Records drawn from a dataset:
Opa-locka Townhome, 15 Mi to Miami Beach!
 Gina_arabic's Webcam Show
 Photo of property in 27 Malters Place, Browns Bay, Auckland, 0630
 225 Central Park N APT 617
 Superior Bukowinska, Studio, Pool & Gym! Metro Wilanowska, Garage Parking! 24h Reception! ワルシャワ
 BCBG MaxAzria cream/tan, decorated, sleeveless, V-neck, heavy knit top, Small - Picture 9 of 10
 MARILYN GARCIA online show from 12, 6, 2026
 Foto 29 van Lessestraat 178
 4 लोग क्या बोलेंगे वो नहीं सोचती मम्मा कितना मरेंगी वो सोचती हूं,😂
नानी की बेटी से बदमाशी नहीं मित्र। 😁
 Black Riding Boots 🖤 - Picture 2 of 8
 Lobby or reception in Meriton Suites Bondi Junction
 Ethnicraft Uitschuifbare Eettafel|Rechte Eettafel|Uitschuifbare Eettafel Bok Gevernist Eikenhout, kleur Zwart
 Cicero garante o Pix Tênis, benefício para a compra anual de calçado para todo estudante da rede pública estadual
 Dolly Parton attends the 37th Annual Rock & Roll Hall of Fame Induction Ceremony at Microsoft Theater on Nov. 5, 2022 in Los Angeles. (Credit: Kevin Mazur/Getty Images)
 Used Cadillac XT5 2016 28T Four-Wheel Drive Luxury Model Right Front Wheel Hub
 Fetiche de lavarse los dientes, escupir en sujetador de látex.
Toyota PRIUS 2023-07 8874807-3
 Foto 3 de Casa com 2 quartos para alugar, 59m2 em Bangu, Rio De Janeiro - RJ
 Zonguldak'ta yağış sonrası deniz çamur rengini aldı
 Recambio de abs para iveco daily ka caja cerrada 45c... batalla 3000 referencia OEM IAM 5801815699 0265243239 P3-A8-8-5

Task goal: From the line that contains "Fetiche de lavarse" through the last line of the records above, copy every line exactly and leave out the rest.

Solution for this exercise:
 Fetiche de lavarse los dientes, escupir en sujetador de látex.
Toyota PRIUS 2023-07 8874807-3
 Foto 3 de Casa com 2 quartos para alugar, 59m2 em Bangu, Rio De Janeiro - RJ
 Zonguldak'ta yağış sonrası deniz çamur rengini aldı
 Recambio de abs para iveco daily ka caja cerrada 45c... batalla 3000 referencia OEM IAM 5801815699 0265243239 P3-A8-8-5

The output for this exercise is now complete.